TagOverflow
An interactive map of tags from Stack Exchange sites. Click here for the live version! As of now it looks more or less like:
History
It is a continuation of my older project Tag Graph Map of Stack Exchange, which met with a warm reception of the Stack Exchange community (see e.g here and here; I even got t-shirts from the SE team!).
Main ingredients
- Stack Exchange (though their wonderful API)
- D3.js with force layout
- A bit of stats
- Some jQuery, a gist for gradients
- A lot of procrastination on other projects (which is a good thing)
What's there?
Each question on Stack Exchange site has one to five tags describing its content. Unlike on Twitter, these tags are well curated (to a point, you can get a taxonomist
badge).
Nodes represent the most popular tags, with their area being proportional to the number of questions with them.
Edges represent relation between tags. Their width is related to the number of questions with both tags (e.g. with both python
and list
), while their shade - how much more often they occur than one should expect by random chance.
Default coloring is due to community detection - automated splitting of a graph into densely connected subgraphs.
You can click on a tag to get additional data, like users who have asked or answered a lot of questions, along with the best questions with this tag. (Who knows, maybe you are one of the to guys and gals?)
Moreover, especially for Stack Overflow, which is a big place, you can draw conditional graphs. That is, consider only questions with a given tag (e.g. javascript
). For example, it will count only those occurrences array
, which happen to be with javascript
. This tag DO NOT appear for the same reason that the site name does not appear a tag.
Methods and tricks
The co-occurrence weight (use for edge shade and strength) is calculated from the observed to expected ratio. It goes as follows:
oe_ratio = (all_qustions_count * tag_count_AB) / (tag_count_A * tag_count_B)
It is exactly 1
if and only if two tags co-appear at random. If it is more, it means that they do "like" each other I draw an edge. (I also ignore it when oe_ratio
is less than one - i.e. when they avoid each other.) Believe me, this measure is much better than making correlations of some vectors (I tried).
The limit of 100 questions is because of the API limit. However, for dynamic graphs it is also a sane limit. But for most sites 32 tags should be well enough, except for a few sited that are bigger.
In any case, it does a lot of queries and (from time to time) Stack Exchange may block you. Don't worry, it lasts only for a few minutes.

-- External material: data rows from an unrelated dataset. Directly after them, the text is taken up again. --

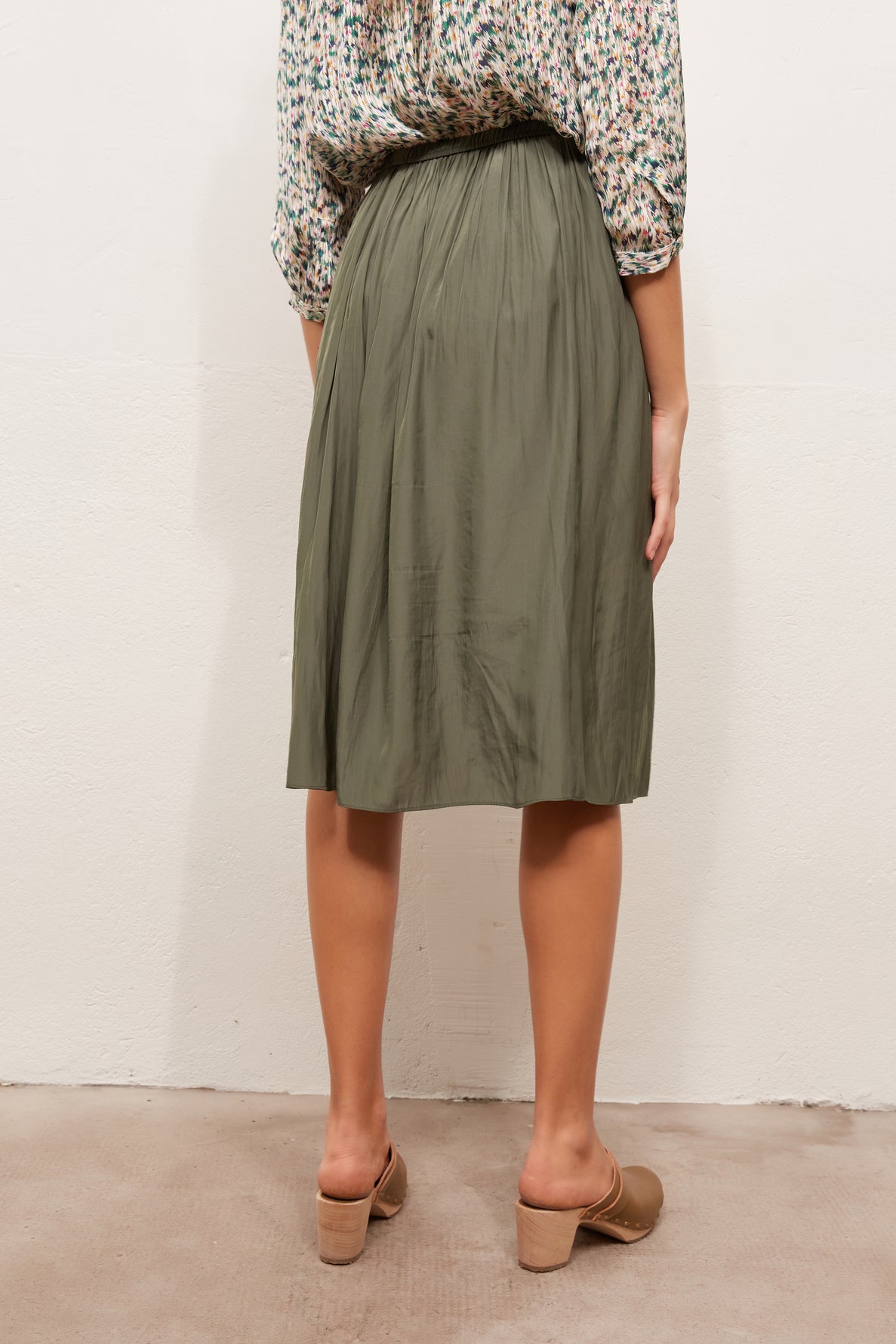 LISA - Jupe midi en satin de polyester Faume - seconde main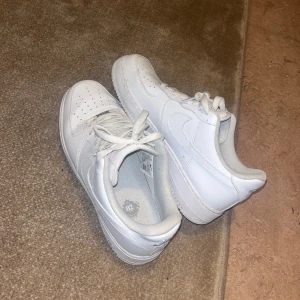 Nike Air force - Nike Airforce, använt ungefär 5 gånger  Kom med prisförslag vid intresse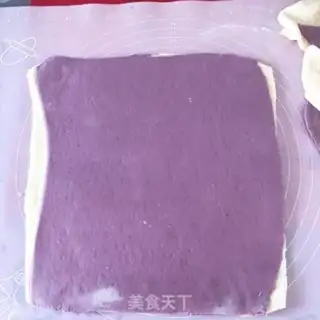 Make Double-coloured buns step 4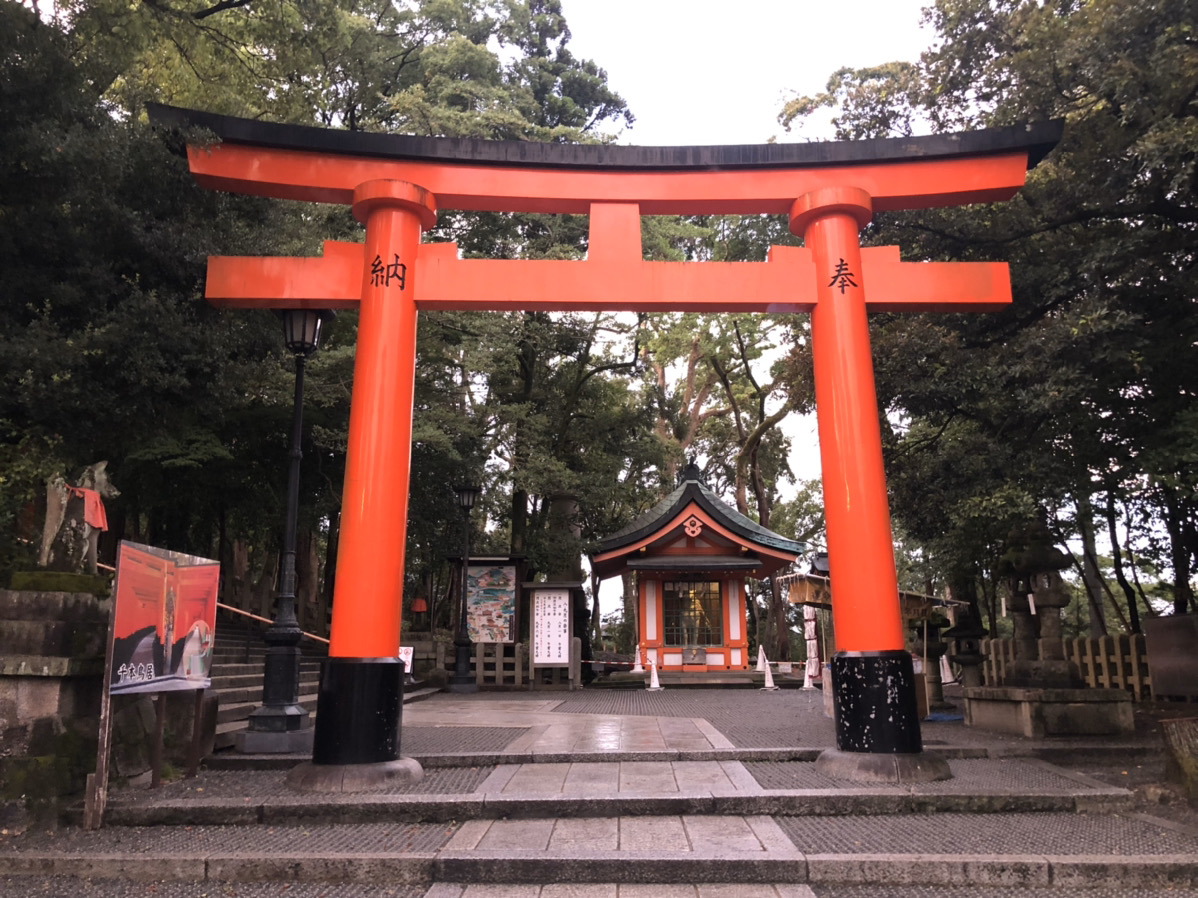 玉山稲荷社の右手にある鳥居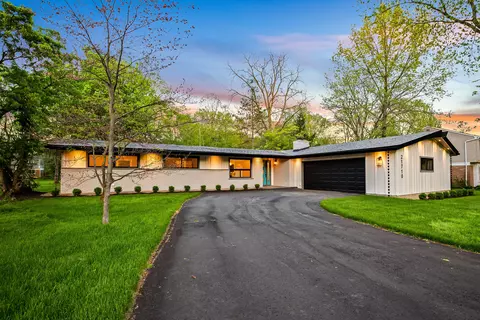 21710 Rathlone Dr, Northville, MI 48167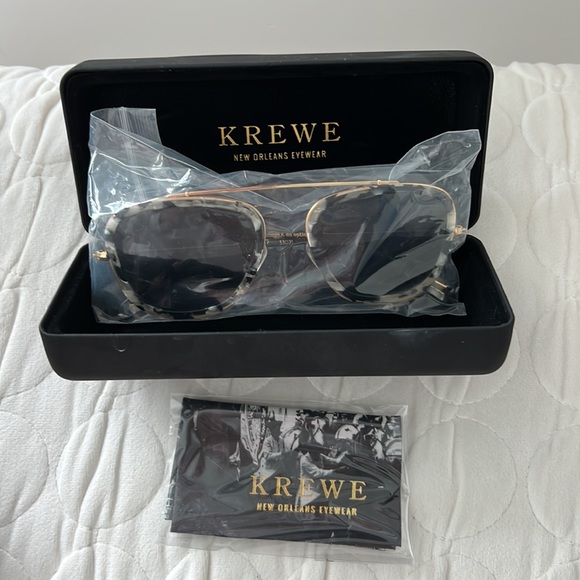 KREWE Accessories - BRAND NEW KREWE HUEY AVIATOR SUNGLASSES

Positions of the nodes are due to D3.js force layout. That is, nodes connected via an edge attract each other. The strength of such attraction depends on the strength of an edge. Plus, all nodes repeal each other at a short distance to prevent overlaps.
For community detection I wrote a greedy hierarchical modularity maximization (as in arXiv:cond-mat/0408187). (AFAIK there is no other JavaScript implementation of community detection; if there is a need, I would be happy to implement something more serious like Louvain or Infomap. If you want it to happen, a few encouraging e-mails will work. :) EDIT: there is a good implementation of Louvain in JS.)

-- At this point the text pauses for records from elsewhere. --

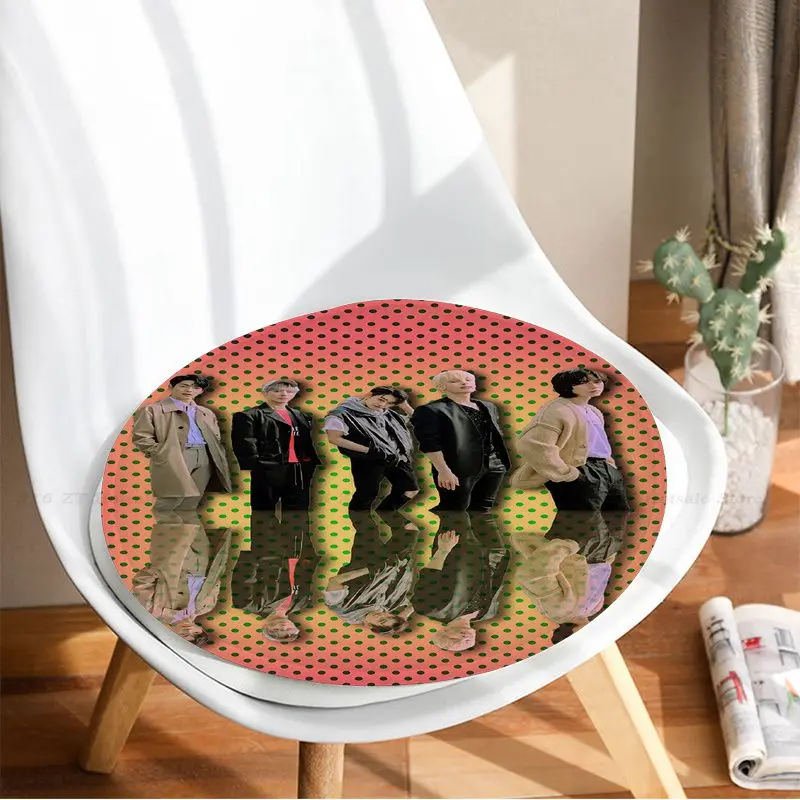 KPOP Korean Boys TXT Fight Or Escape FIGHT OR ESCAPE Sofa Mat Dining Room Chair Cushions Unisex Fashion Anti-slip Chair Cushions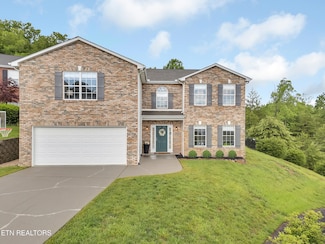 2504 Forest Valley Ln, Knoxville, TN 37931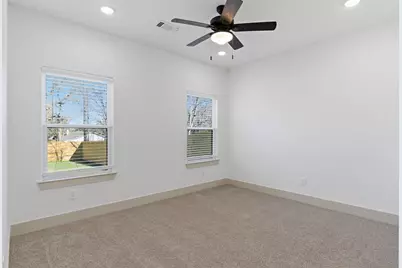 425 E Munson Street, Denison, TX 75021 - Photo 13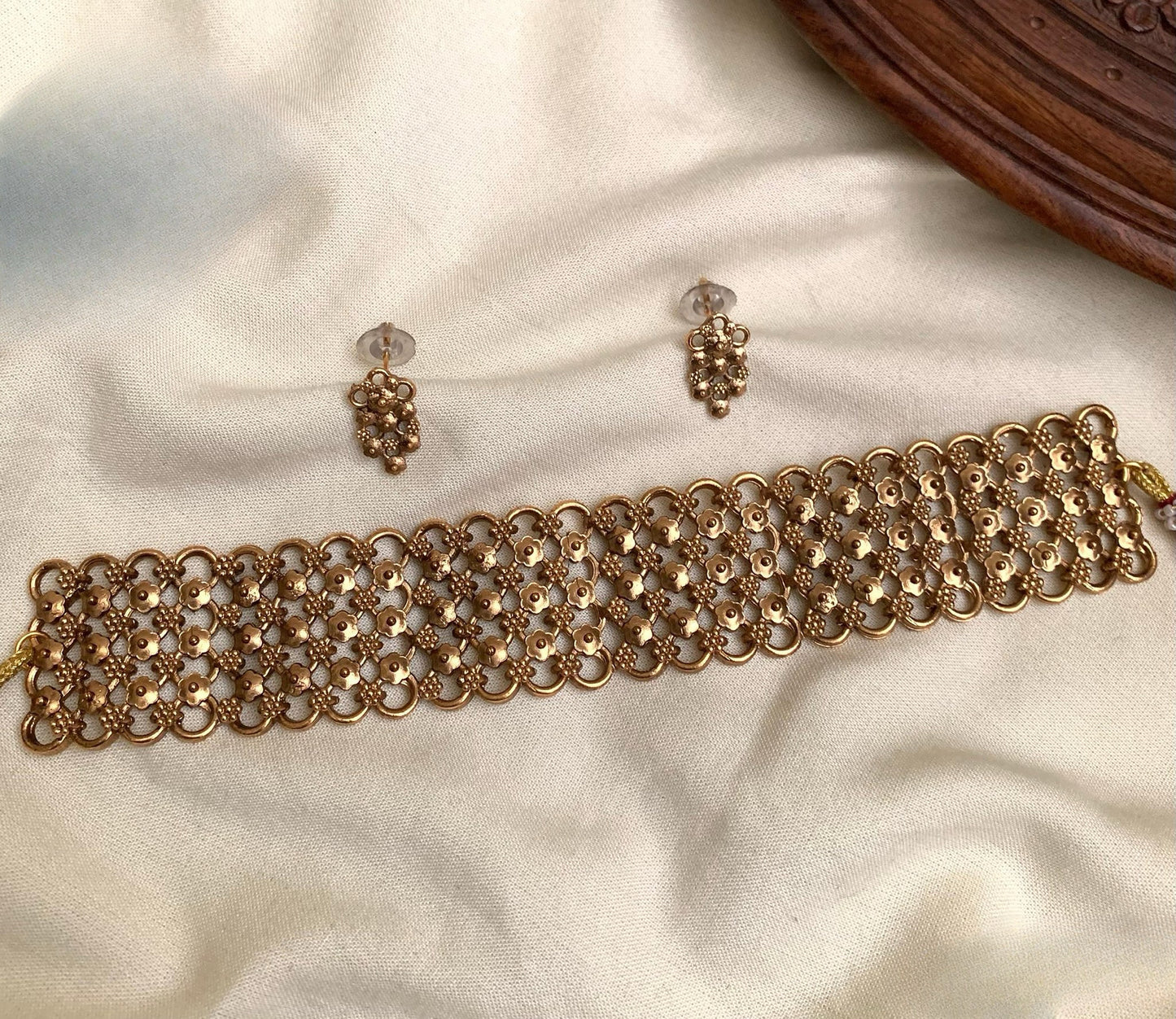 Premium antique gold Matt finish designer choker set product code N199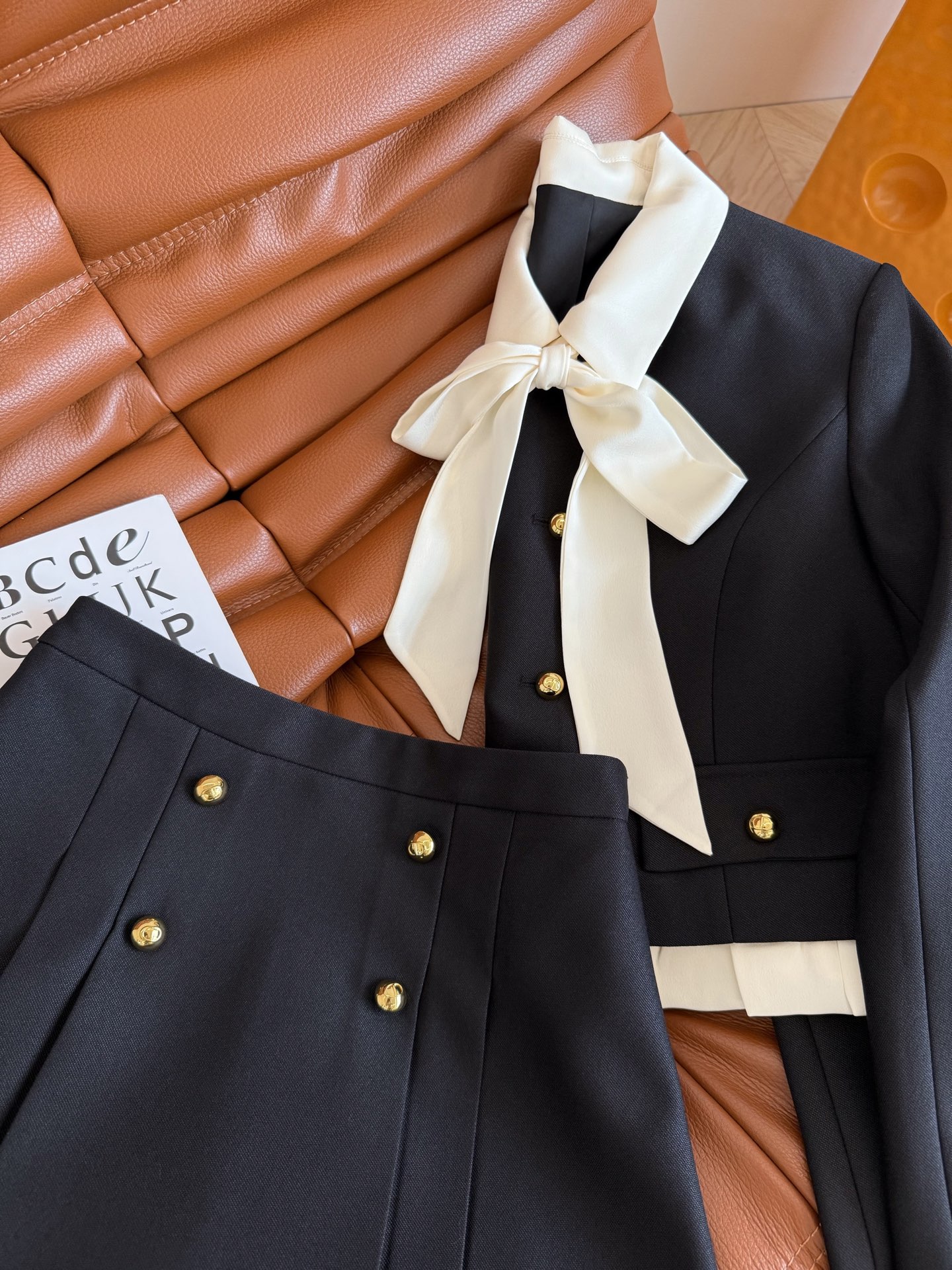Stylish Feminine Suit Collection: 25 New Items with Bow Tie and Corset - 图片 8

There are some tricks. For example, to calculate tag statistics (e.g. average number of answer per tag) it is unfeasible to probe all questions, and there is no REST API to get these numbers directly. So, it takes 100 newest questions with a given tag, which are at least a month old (so their scores stabilize a bit).

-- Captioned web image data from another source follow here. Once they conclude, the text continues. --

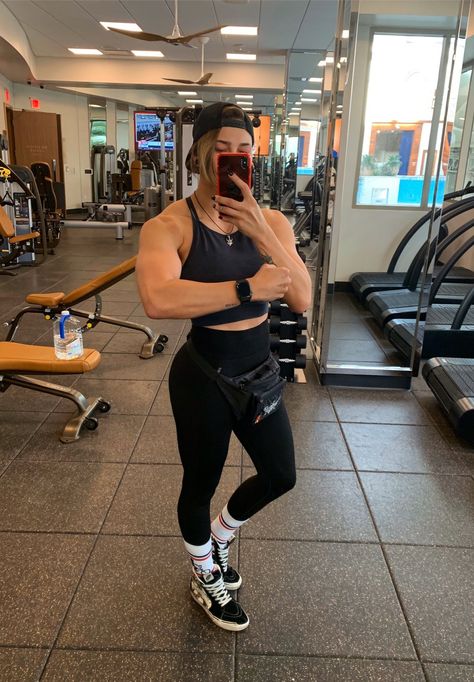 Rhea Ripley Rhea Ripley Workout, Rhea Ripley Workout Routine, Rhea Ripley Wwe, Demi Bennett, Le Catch, Buff Women, Rhea Ripley, Sport Inspiration, Bodyweight Workout Beginner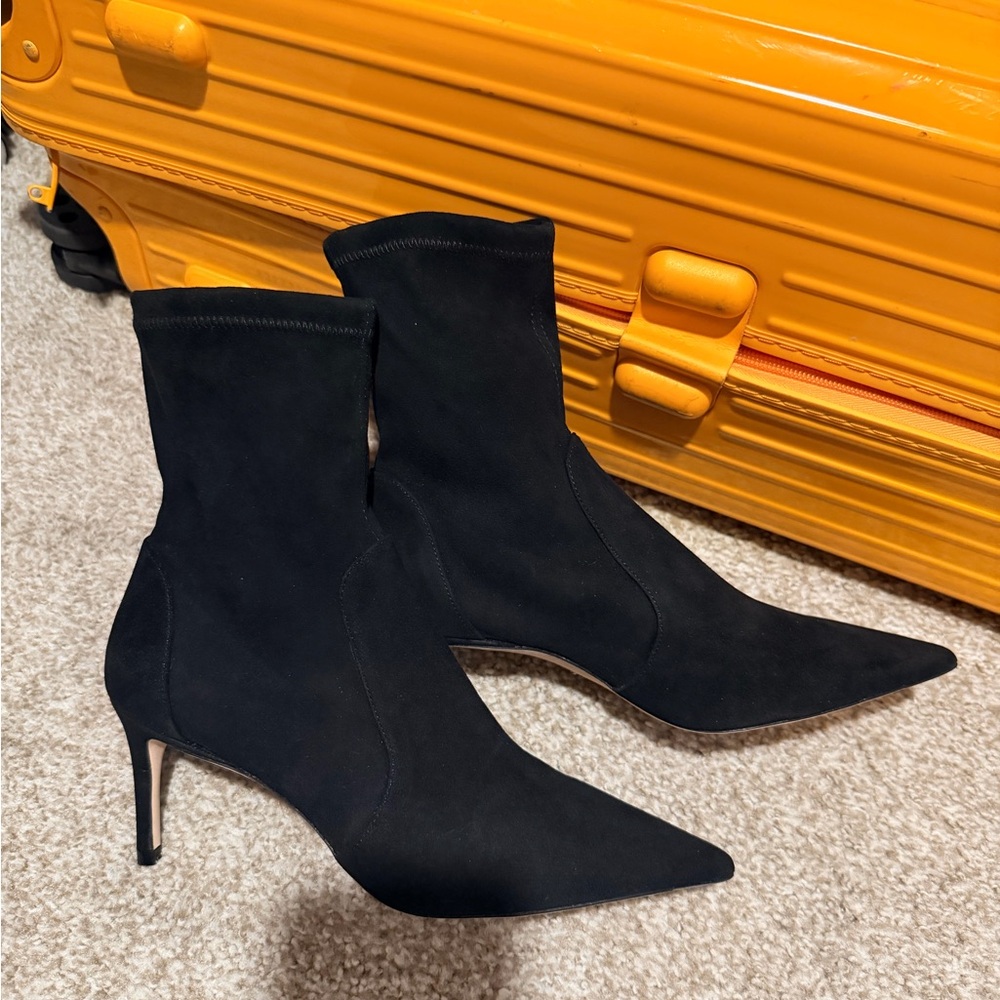 Stuart weitzman size 5, 5.5 new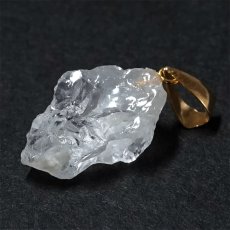 画像3: フェナカイト 5.35ct ペンダントトップ ロシア産 K18 ラフ 原石 【 一点もの 】 Phenakite 日本製 希少石 フェナス石 ネックレス パワーストーン 浄化 (3)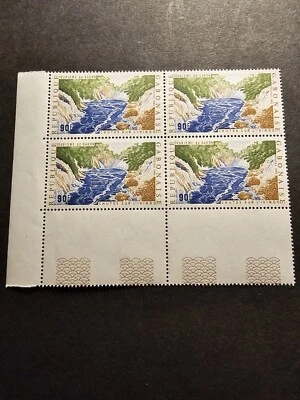 Sello Gabón Turismo De Gabón Paisaje Bloque De 4 Nº 535 Nuevo ** Lujo MNH 1983 Foto 1 de 2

The best askers and answerers, unfortunately, do not work properly for conditional tags (as the respective API queries can be done only for a single tag).
As tag statistics (like average score) have long tails but also can be zero or negative, neither linear nor log scale fits. So, Marta built an asinh scale! In short, for small values it works as linear, but for large - as logarithm; and is antisymmetric.
On code quality
Before looking at code: beware, when you gaze long into a code the code also gazes into you!
(Some excuses: I started it long time ago, changed it in various directions, used to learn JS, teach JS - so it has most of bad practices it could get. I should rewrite it completely into Angular.JS + D3.js; but instead, I decided to show the result, hoping that you forgive me the dirty code.)
Nonetheless, if something does not work, raise an Issue or (even better!) propose a Pull Request.
Citing
Feel free to use it for anything. Just please to refer to it as:
- Piotr Migdał, Marta Czarnocka-Cieciura, TagOverflow (2015), GitHub repository https://github.com/stared/tagoverflow
And for any academic papers, please cite:
- Piotr Migdał, Symmetries and self-similarity of many-body wavefunctions, PhD Thesis (ICFO), arXiv:1412.6796
(If you are wondering about the relation of my PhD thesis to this project - well, one of main topics is community detection. While introducing basic methods, I use TagOverflow as an example.)